On peut s'interroger sur les rôles respectifs de la Mairie de Rio et d'IBM dans ce projet. Ils sont difficiles à démêler, tant chacun communique énormément sur le sujet, mais séparément, en donnant subtilement l'impression que l'initiative lui en revient. Si l'initiative politique est forcément du côté du Maire, on peut imaginer qu'IBM a activement aidé à forger la "vision" de ce que devait être ce centre des opérations, en plus de fournir bien sûr toute l'assistance technique nécessaire pour sa mise en œuvre. Quoi qu'il en soit, les liens entre Rio et IBM sont étroits : la Ville a également été en 2010 l'un des premiers lauréats du Smarter Cities Challenge d'IBM, qui consiste à mettre gratuitement à disposition des consultants et des ingénieurs d'IBM à des collectivités choisies sur dossier. A priori indépendante de la mise en place du centre des opérations, mais s'inscrivant clairement dans la même dynamique, cette mission de conseil gratuite a conduit la Mairie de Rio à nommer un Directeur du Numérique et à créer une agence de développement économique (dont le directeur local d'IBM a été nommé au conseil d'administration...).

En résumé, la stratégie "smart" de Rio repose sur 3 objectifs principaux :
- En premier lieu, la gestion des crises ou des grands événements : risques de glissements de terrain comme on l'a vu, mais aussi grandes manifestations (depuis 2010, Rio a déjà à son actif des JMJ et une Coupe du Monde, et bientôt des Jeux Olympiques), émeutes (l'actualité récente du Brésil a montré que ce n'est pas un cas de figure théorique...), épidémies... Le centre des opérations permet notamment une coordination efficace des services de sécurité et de secours (polices, pompiers, hôpitaux...) et une assistance à la gestion des mouvements de foule.
- En second lieu, l'optimisation au quotidien des services publics : par exemple, l'entreprise publique locale en charge des déchets peut optimiser en temps réel le trajet de ses camions de collecte pour éviter les bouchons et ainsi économiser à la fois de l'argent et du CO2.
- Enfin, la redescente en temps réel d'informations vers le grand public, dans un format simple et efficace : des SMS (si on est inscrit au service) alertent sur les risques (en plus des sirènes bien sûr en cas de risques graves) ; une équipe de journalistes alimente en temps réel un compte Twitter pour informer des embouteillages, des manifestations du jour, etc.

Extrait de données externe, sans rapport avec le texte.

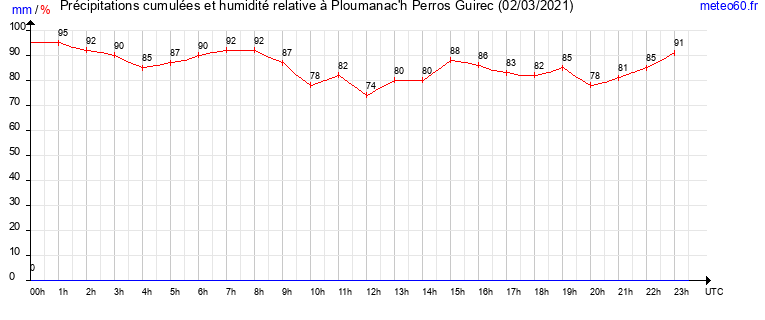 cumul des precipitations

On le voit, c'est avant tout une stratégie de résilience des services publics qui est à l'œuvre, mais une stratégie très "descendante" : les citoyens bénéficient de services publics optimisés et d'informations à jour en temps réel, mais ils ne font remonter aucune information au système et ne contribuent pas activement à son intelligence.